The country soon found itself at the mercy of the revolutionary elements. The prime minister had promised much in the way of social reforms, and that he would cleanse the political life of the country.

When fresh bank scandals were revealed and the guilty were still allowed to go unpunished, it became evident that not merely had the premier repudiated his word, but that the government was losing its control of the situation.

The economic condition of the country, most particularly in the south, was deplorable. To please the agrarians, the government increased the duty on the cheaper grades of cereals, at a time when thousands were faced with starvation.

Towards the end of 1897 food riots broke out in the south of Italy, as the result of the increase in the price of bread. These continued intermittently throughout the autumn and early winter.

By January they had spread all over the south of Italy and Sicily. The disturbances were readily suppressed by armed force, not without some loss of life.

Though the movement was not revolutionary in its origin, it gathered strength from the fact that the Socialists and Republicans made use of the general dissatisfaction to further their interests.

The premier’s feeble policy and his apparent indifference in the face of grave events hastened the growth of the vast army of malcontents. Slowly the movement spread northward.

In April there was a general strike near Bologna, then at Ravenna and Parma; in each case accompanied by serious disturbances and clashes between the civilians and the police.

The unrest throughout the country had grown to vast proportions. The subversive elements had already gained the upper hand in the northern districts, centring around Milan.

It seems improbable that there was any carefully framed revolutionary plot. A Milanese Radical Deputy had spoken of “the vote and the carbine” as the weapons of the people, but no steps were taken to organise or arm them.

The Socialists were in the vanguard and actively spread the discontent. At Milan, there was much real distress and poverty, though no active outbreak would have resulted had the authorities acted with firmness and moderation.

On 7 May, a great crowd gathered to protest against the killing, on the previous day, of two workmen in a scuffle with the police. The crowd was in an ugly mood. It was soon joined by groups of workmen and factory girls. Some employers closed their factories.

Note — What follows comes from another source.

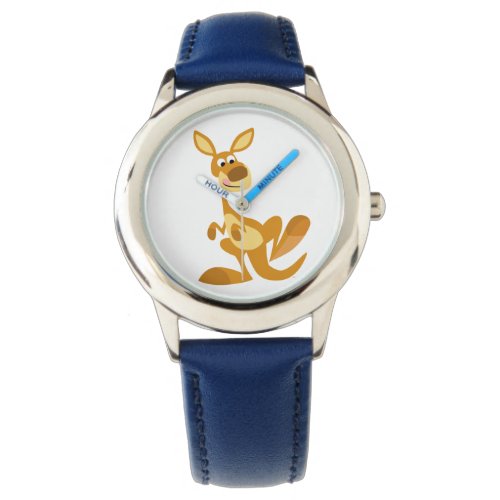 Cute Thumping Cartoon Kangaroo Watch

The demonstrators now paraded the streets. Suddenly in the Corso Venezia, a platoon of cavalry charged the crowd at a gallop. Though it was evident that the outbreak had not been planned, the pent-up fury of the mob burst forth.

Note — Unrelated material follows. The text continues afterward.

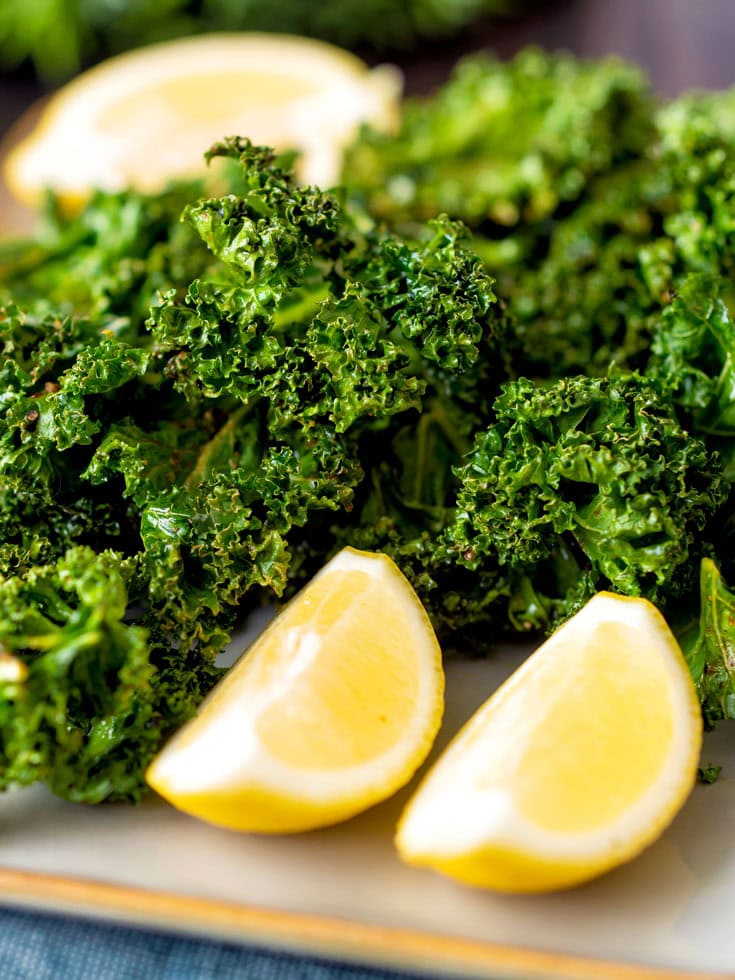 how to make kale chips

Barricades were thrown up; some of the demonstrators climbed to the rooftops and threw tiles and other missiles down on the police.

The troops, having received no further instructions, looked on idly while the crowd continued its labours of barricade building.

The mob was, for the most part, unarmed and without leadership, yet the government, hearing of the outbreak, hastily despatched considerable reinforcements to Milan, and proceeded to suppress the “revolution” with ruthless violence.

For two days the mob was hunted down by the soldiery and the police. Over one hundred persons were killed and several hundred wounded.

The government tried in vain to fix the responsibility and find a scapegoat. Socialist, Republican, and clerical leaders were brought into court, but the evidence against them collapsed.

It would appear that the real responsibility lay with the government, which by its laxity and weakness had allowed the movement to get underway, and then repressed it with undue brutality.

Though the authorities were unable to attach any blame for the riots at Milan to the Socialists, the more conservative elements of the population, the rich and the well-to-do, who had paid little heed to the outbreaks in the south of Italy, aroused by the outburst at Milan, loudly clamoured for repressive measures.

Railway servants and all public employees were mobilised on a military basis. Two-thirds of the Catholic societies, many of them purely philanthropic, were dissolved on the grounds of their being anti-dynastic.

Republican associations were outlawed, newspapers were suspended, schoolmasters dismissed for discussing socialism out of school hours. The military court at Milan passed outrageous sentences on trumped-up charges.

“Two well-known journalists were sentenced to six and four years’ imprisonment respectively, for continually attacking the institutions and authorities, exaggerating the sufferings of the people, and thus embittering the hatred of classes and creating the environment from which the disorders sprang.

A Catholic journalist was sentenced to three years for attacking the monarchy and institutions with subtle irony, sowing class hatred between peasants and landlords and turning many of the clergy from their natural work of pacification.

Nor were the condemnations confined to Milan. Throughout Italy, on one charge or another, wholesale arrests were made. But a reaction soon set in against the arbitrary procedure of these courts. Petitions were widely circulated throughout Italy demanding the release of the prisoners.

Before the end of the year, over 2,700 prisoners were released, and within three years all those condemned at this time in connection with the events of those fateful May days were released by royal amnesty.

A bold programme of social reform followed, which in reality amounted to little more than a policy of non-interference on the part of the government, in the struggle between capital and labour, won wide support.

The right to strike, the right to hold public meetings, the freedom of the press, were conceded to the delight of the Socialists.